Let $\ m_i=1\ $ if member $\ i\ $ approves the legislation, or $\ m_i=0\ $ if he or she doesn't, $\ a=\sum_\limits{i=1}^3m_i\ $ the number of steering committee members who approve the legislation, and $\ b=\sum_\limits{i=4}^7m_i\ $ the number of non-steering committee members who do so. The conditions for the legislation to pass are then $\ a\ge2\ $ and $\ a+b\ge4\ $.

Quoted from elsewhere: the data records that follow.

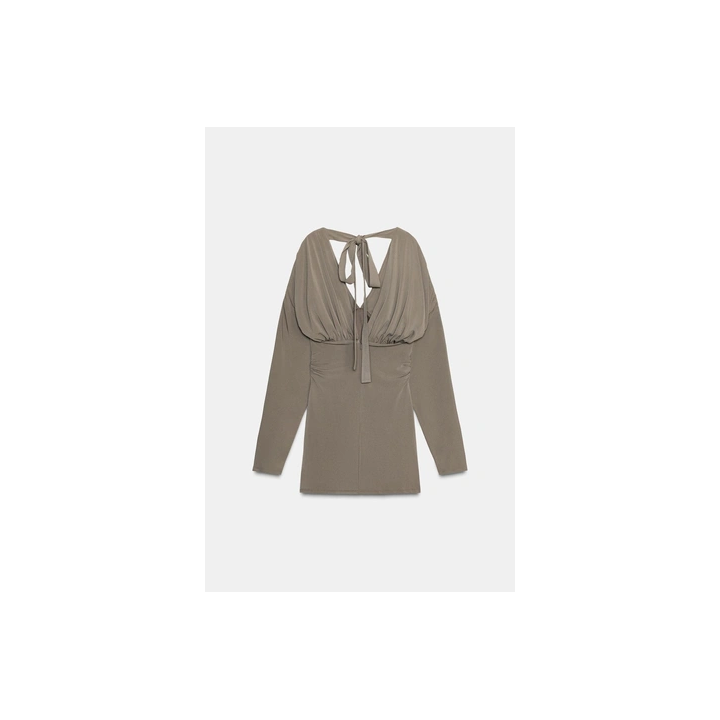 КОРОТКОЕ ПЛАТЬЕ С ОБЪЕМНЫМИ ДЕТАЛЯМИ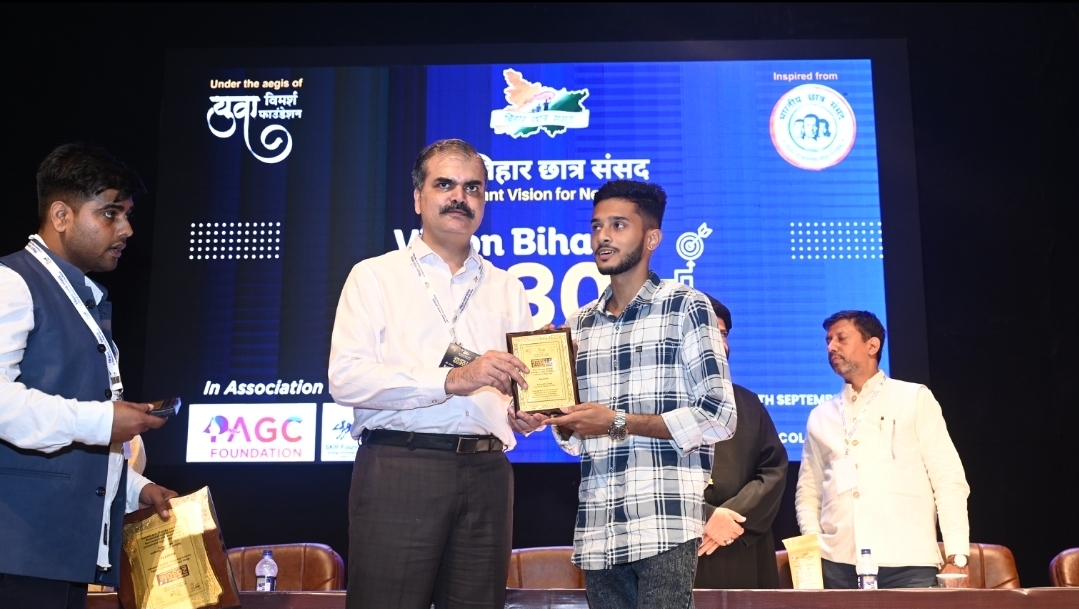 मुख्य अतिथि के हाथों प्रियांशु कुमार सम्मानित किया गया।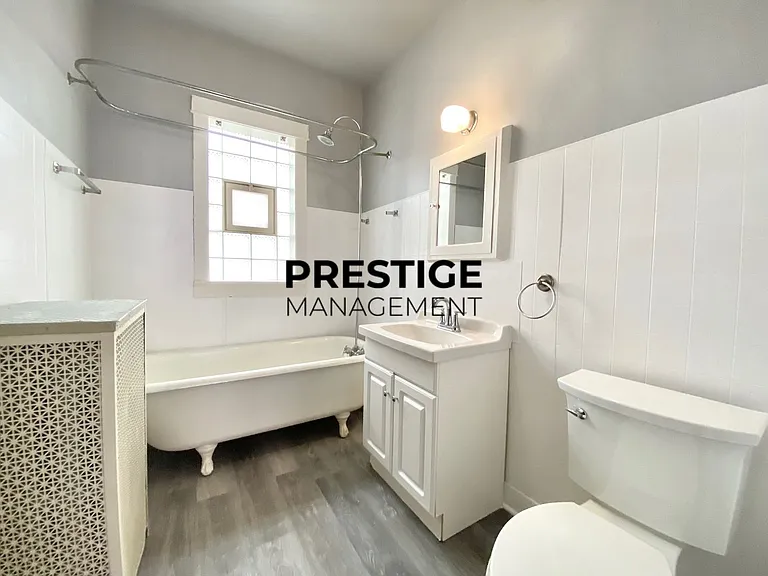 1113 Benedict St #2R — Photo 9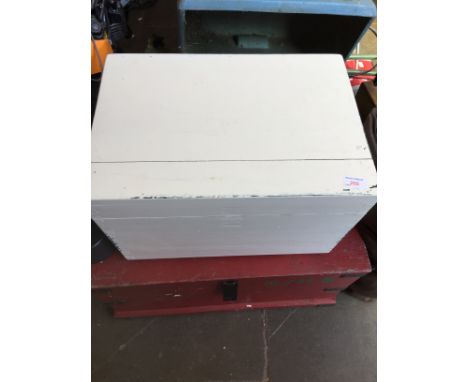 PINE WOOD TRUNK (CREAM)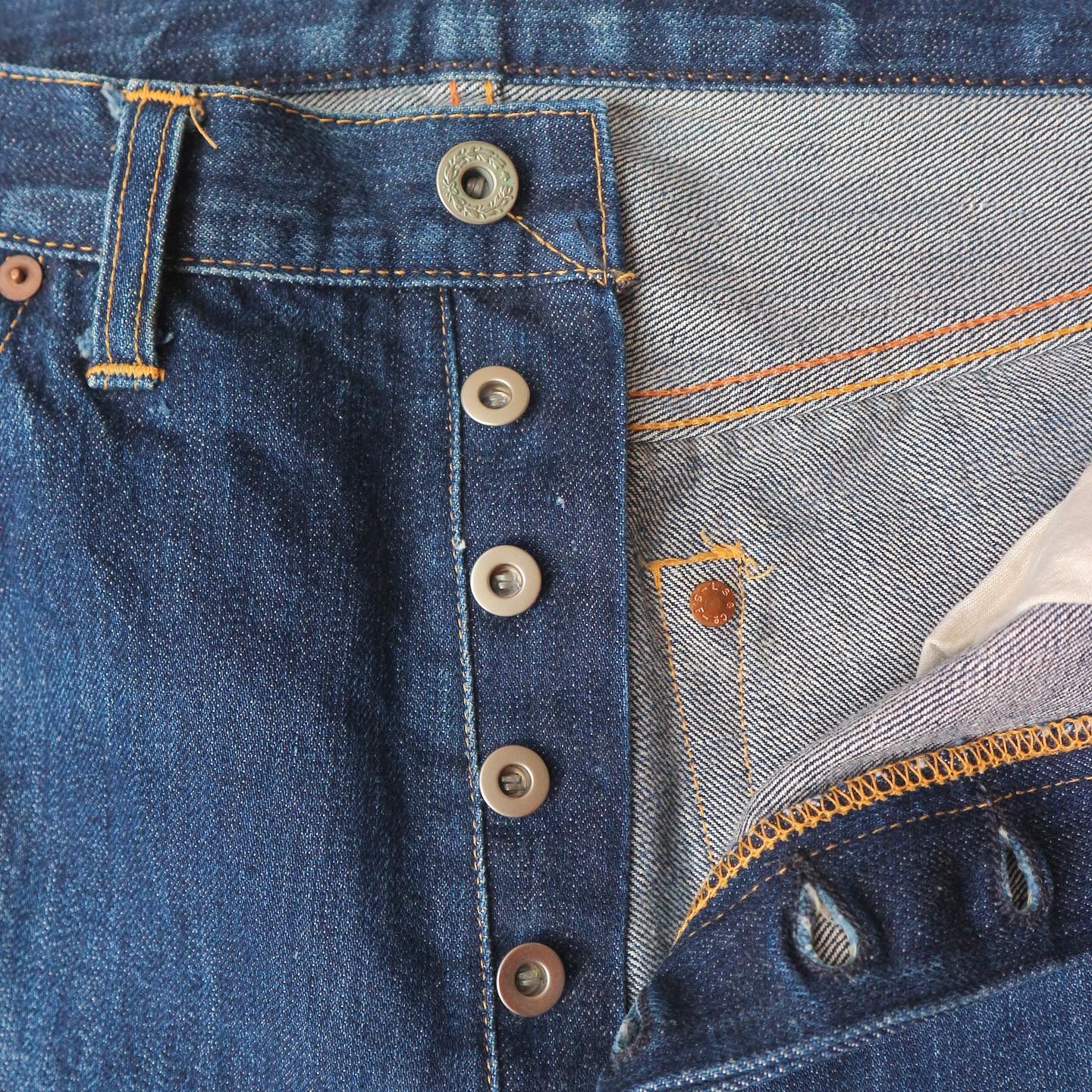90s Levi's Valencia 1944 501 Cutted Shorts Size 34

The event that member $1$'s vote is decisive can be broken down into several cases:
In the first two cases (which are not mutually exclusive events) the legislation does not pass, but would do if member $1$ were to reverse his or her vote. In the last two cases (again not mutually exclusive) the legislation does pass, but would not do so if member $1$ were to reverse his or her vote. Thus, the probability that member $1$'s vote is decisive is \begin{align} P\big[&\big(\big\{m_1=0\big\}\cap\big\{a=1\big\}\cap\big\{b\ge2\big\}\big)\\ &\cup\big(\big\{m_1=0\big\}\cap\big\{a\ge1\big\}\cap\big\{a+b=3\big\}\big)\\ &\cup\big(\big\{m_1=1\big\}\cap\big\{a=2\big\}\cap\big\{b\ge2\big\}\big)\\ &\cup\big(\big\{m_1=1\big\}\cap\big\{a\ge2\big\}\cap\big\{a+b=4\big\}\big)\big]\\ =P\big[&\big(\big\{m_1=0\big\}\cap\big\{a=1\big\}\cap\big\{b\ge2\big\}\big)\\ &\cup\big(\big\{m_1=0\big\}\cap\big\{a=2\big\}\cap\big\{b=1\big\}\big)\\ &\cup\big(\big\{m_1=1\big\}\cap\big\{a=2\big\}\cap\big\{b\ge2\big\}\big)\\ &\cup\big(\big\{m_1=1\big\}\cap\big\{a=3\big\}\cap\big\{b=1\big\}\big)\big]\ . \end{align} The events whose disjunction appears in the probability on the right side of this identity are mutually exclusive, so the probabiliy can be evaluated by summing the individual probabilities of these four events. These are \begin{align} P\big[\big\{m_1=0\big\}\cap\big\{a=1\big\}\cap\big\{b\ge2\big\}\big]&=(1-p)^2\cdot2p\cdot\sum_{i=2}^4{4\choose i}p^i(1-p)^{4-i}\\ &=2\sum_{i=2}^4{4\choose i}p^{i+1}(1-p)^{6 -i}\\ P\big[\big\{m_1=0\big\}\cap\big\{a=2\big\}\cap\big\{b=1\big\}\big]&=(1-p)\cdot p^2\cdot 4p(1-p)^3\\ &=4p^3(1-p)^4\\ P\big[\big\{m_1=1\big\}\cap\big\{a=2\big\}\cap\big\{b\ge2\big\}\big]&=p^2\cdot2(1-p)\cdot\sum_{i=2}^4{4\choose i}p^i(1-p)^{4-i}\\ &=2\sum_{i=2}^4{4\choose i}p^{i+2}(1-p)^{5 -i}\\ P\big[\big\{m_1=1\big\}\cap\big\{a=3\big\}\cap\big\{b=1\big\}\big]&=p^3\cdot4p(1-p)^3\\ &=4p^4(1-p/)^3\ . \end{align} The event that member $1$'s vote is decisive is the sum of these four probabilities. The probability that member $4$'s vote is decisive can be found by a similar procedure. Can you try this for yourself?